On craint que des assureurs favorisent la vente d’assurance en ligne, ce qui ferait retomber sur les épaules des clients la responsabilité de prendre de bonnes décisions et les risques qui l’accompagnent.

On redoute que le projet de loi ne retire aux représentants certifiés l’exclusivité de l’acte de conseil, ce qui permettrait à n’importe qui de conseiller des produits d’assurance de personnes.

Ces craintes sont légitimes dans une certaine mesure et elles ont comme dénominateur commun de pouvoir être apaisées par la réglementation relative aux lois du secteur financier, que l’Autorité des marchés financiers (AMF) devra concevoir et mettre en oeuvre une fois que la loi aura été sanctionnée. Le ministère des Finances du Québec approuvera cette réglementation.

Entendons-nous : le fait que l’AMF puisse empêcher certains de profiter des brèches possibles du projet de loi 141 est une bonne chose. C’est même rassurant. Là n’est pas le problème.

Le problème est plutôt le suivant : est-ce que cette réglementation va bel et bien fermer les brèches tant redoutées ? Est-ce que l’AMF va faire son travail en ce sens, avec comme principal souci la protection du public ? Est-ce que l’encadrement réglementaire va évoluer d’une manière pertinente pour la protection du public tout en demeurant sensé pour l’industrie financière ? Et est-ce que les lois et leurs règlements vont bien vieillir, donc résister à l’interprétation de l’industrie et des tribunaux ?

Certains répondront oui à toutes ces questions. Or, on le sait, la réalité n’est jamais toute blanche ou toute noire. En matière législative, il y a souvent plusieurs nuances de gris et plusieurs interprétations ou lectures des règlements et lois.

Au moment d’écrire ces lignes, nous ignorons si le gouvernement va amender son projet de loi. Invité à se prononcer au sujet de certaines préoccupations, le cabinet du ministre des Finances a répondu par courriel : «Nous prenons très au sérieux les questions qui ont été soulevées, notamment en ce qui concerne la protection du consommateur, qui demeure l’objectif principal du projet de loi. Nous aurons le plaisir d’accueillir les groupes en commission parlementaire pour échanger avec eux, apporter les précisions nécessaires pour répondre à leurs préoccupations et apporter si nécessaire des améliorations à l’encadrement proposé.»

Si le gouvernement ne modifie pas son projet de loi afin d’en éloigner toutes les préoccupations et de réduire les zones grises, il risque de laisser à l’AMF l’entière responsabilité de créer un cadre réglementaire évitant tout dérapage qui pourrait découler de l’incertitude juridique liée à la nouvelle loi. Le gouvernement risque-t-il ainsi d’accorder un trop grand pouvoir à l’AMF ? La question mérite d’être posée.
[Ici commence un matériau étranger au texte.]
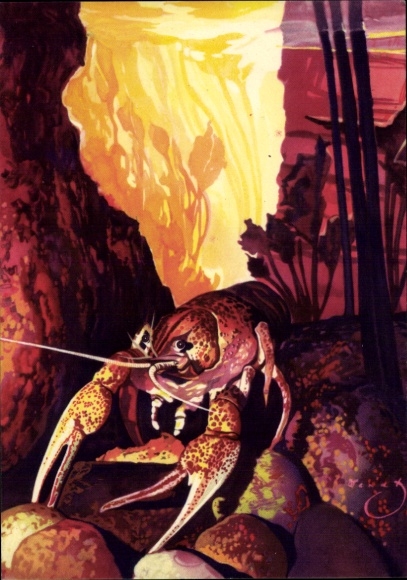Artist Postcard Wendt, crab in ambush, lobster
Surtout dans un contexte où les fonctions de la Chambre de la sécurité financière seront intégrées à l’AMF, ce qui créera un régulateur amplifié.
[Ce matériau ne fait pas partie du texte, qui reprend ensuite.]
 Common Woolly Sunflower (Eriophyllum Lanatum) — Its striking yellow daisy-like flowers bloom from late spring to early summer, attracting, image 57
Créer un méga-organisme de réglementation auquel le gouvernement accorde sa confiance est une chose. Avoir une confiance aveugle dans ce régulateur en est une autre. Le gouvernement devra rechercher un équilibre dans son processus de surveillance de l’AMF, dans la mise en place et le réexamen de la gouvernance de l’organisme et dans son suivi de l’amélioration continue au sein de celui-ci.

À une époque où l’accès au conseil financier est plus que jamais crucial afin de favoriser la sécurité financière des clients et de leur famille, le gouvernement a le devoir d’adopter des politiques publiques qui favorisent l’accès aux produits financiers offerts avec du conseil financier. Protéger le public, ce n’est pas seulement lui offrir des professionnels supervisés étroitement, mais également lui assurer un accès facile au conseil.